Kuiper’s students also ventured into the Dragoon Mountains, where they examined rocks types that might be found on the moon, and to Hawaii, where they investigated how magma flows and cools as it might have on the moon billions of years ago, Hartmann said.

Multiple faculty members from the Department of Geosciences led the first field trips, but the most prolific of all was Spence Titley. Now retired, Titley was a leading mining and resource geologist at the university. During some of the field trips, he trained Apollo astronauts in lunar geology and recommended lunar features they later photographed from orbit. In 1964, he collaborated with the U.S. Geological Survey to map the moon for the Apollo program using the McMath-Pierce Solar Telescope on Kitt Peak.

Interpreting the Data

“Field trip locations are not just focused geographically, but also by process,” Hamilton said. “With each trip you’re not just visiting a place, but different times in Earth’s history.”

Most field trips focus on investigating volcanic landscapes. Volcanic activity is the most dominant process in planet formation; It underpins planetary creation and evolution, Hamilton said. The moon is a good example: The dark spots were once thought to be oceans, but they are actually volcanic lava flow fields. About 3.5 billion years ago, the lunar surface was glowing with red-hot magma, he said.

Other processes highlighted on LPL field trips include impact cratering, tectonic plate movement, and erosion by water and air.

“When you build a model that tries to describe the complexity of planetary evolution, you have to make a cartoon version of it,” Hamilton said. “Going into the field and determining the necessary detail of the model – what to leave in and out – is important to understand.”

“We discuss how features might work similarly or differently on another planet. Other planets or moons might have different gravity, atmospheres and sunlight, for example,” Bramson said.

Seeing these formations in real life helps students interpret remote sensing data sent back from different places in the solar system, says Hamilton, whose most active area of research is in terrestrial analog study. He travels to extreme environments to test how robotic instruments might perform on alien worlds.

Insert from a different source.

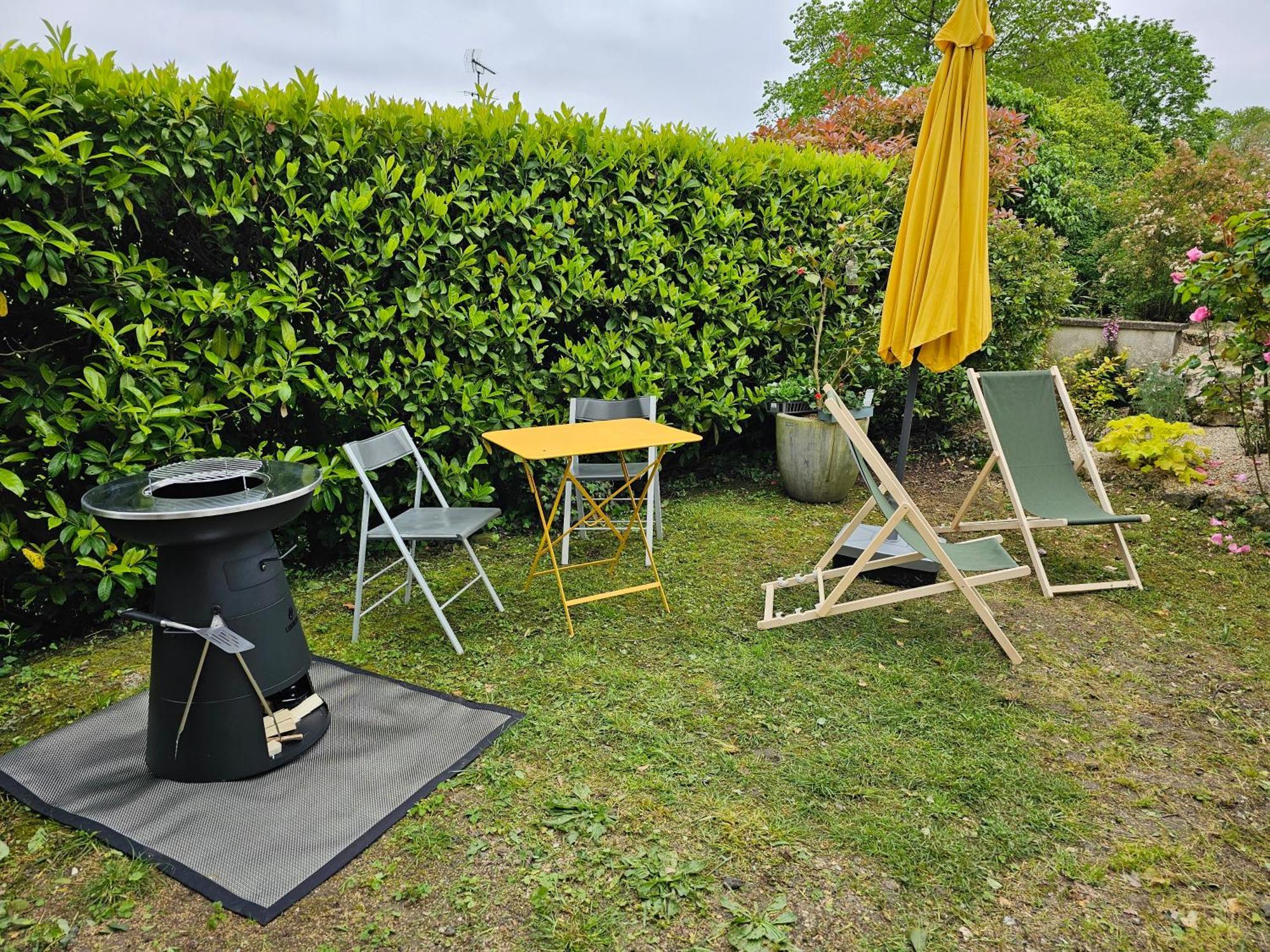 Villa Clair Logis Giverny Exterior foto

“Climbing around lava flows similar to those on the moon or Mars, or dunes on Mars and Titan, provides a connection with otherwise abstract data,” he said.

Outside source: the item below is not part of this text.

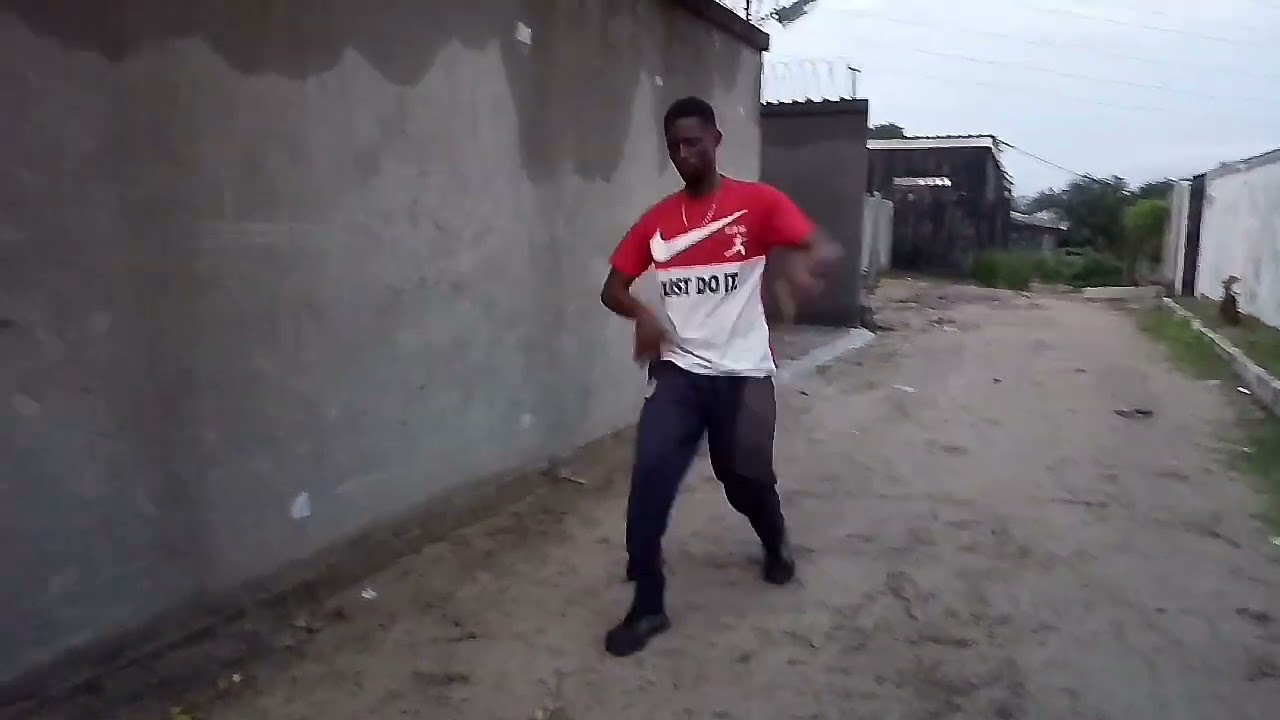 Biazo Rolly Vince | Congo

“We took students to Cape Canaveral to look at coastal processes we can’t see in Arizona as an analog for Mars, which has many shorelines associated with the northern ocean and impact craters that filled with water to create lakes,” Hamilton said, adding that Saturn’s moon Titan also has oceans but composed of liquid methane and water ice as hard as rock. “It’s another permutation of the same processes."

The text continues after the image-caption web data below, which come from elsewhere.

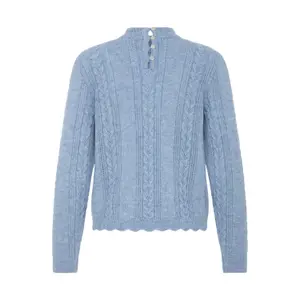 Woman sweater Ichi Povoke image-0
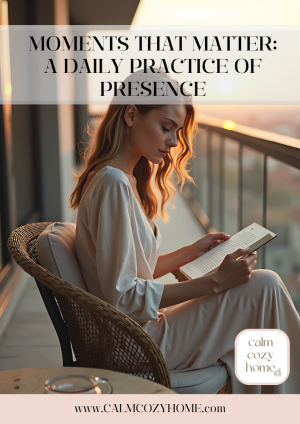 Moments that Matter_ A Daily Practice of Presence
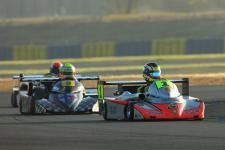ME Superkart - Le Mans - 1.kvalifikace ...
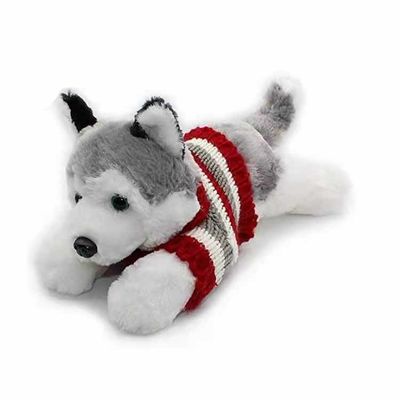 Huggable игрушка плюша собаки 20cm PP заполненная хлопком милая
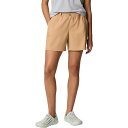 (取寄) コロンビア レディース ウィークエンド レイズ 5インチ ウォーター ショート - ウィメンズ Columbia women Weekend Rays 5in Water Short - Women's Canoe(4)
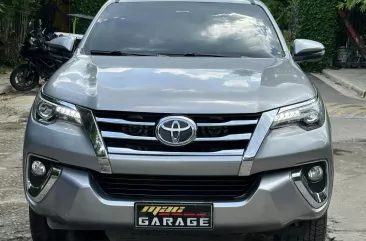 2017 Toyota Fortuner  2.4 V Diesel 4x2 AT in Manila, Metro Manila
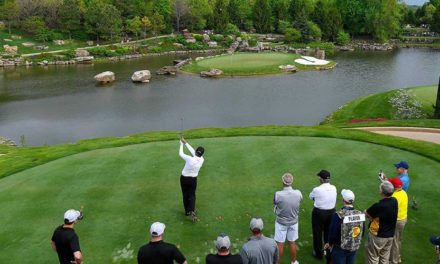 Triunfo de Carlos Franco & Vijay Singh en el PGA Tour of Champions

Bramson entered her graduate program with a bachelor’s degree in astrophysics, so, like many of her classmates, the field trips were her primary lesson on geology. But she learned about more than just geology, she said.

“With all the time spent together – driving to the field sites, hiking and discussing the landscape, camping, making food around the campfire at night – I got to know my fellow graduate students a lot better on these trips,” she said. “Many became some of my best friends and collaborators on scientific projects.”